Exercise =
Starting at the line that contains "4 Stroke Brush Cutter" and stopping at the line that contains "Main picture of 186 W Bow St", restate each line of the records below exactly. Omit the pictures.

Task inputs =
-- Opening Marker --
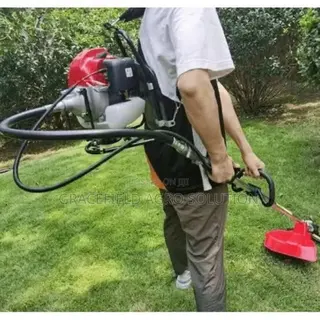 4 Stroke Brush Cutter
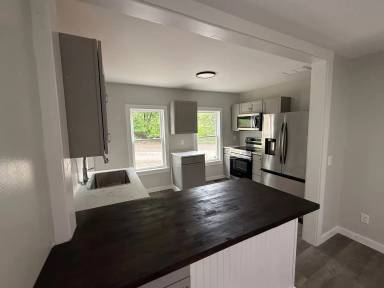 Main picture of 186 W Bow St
-- Closing Marker --
-- Opening Marker --
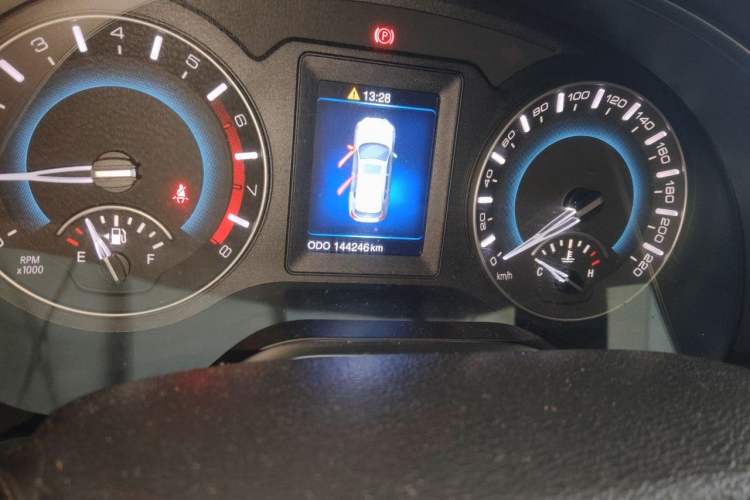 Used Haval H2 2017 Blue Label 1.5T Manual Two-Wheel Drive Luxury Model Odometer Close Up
-- Closing Marker --
Response =
 4 Stroke Brush Cutter
 Main picture of 186 W Bow St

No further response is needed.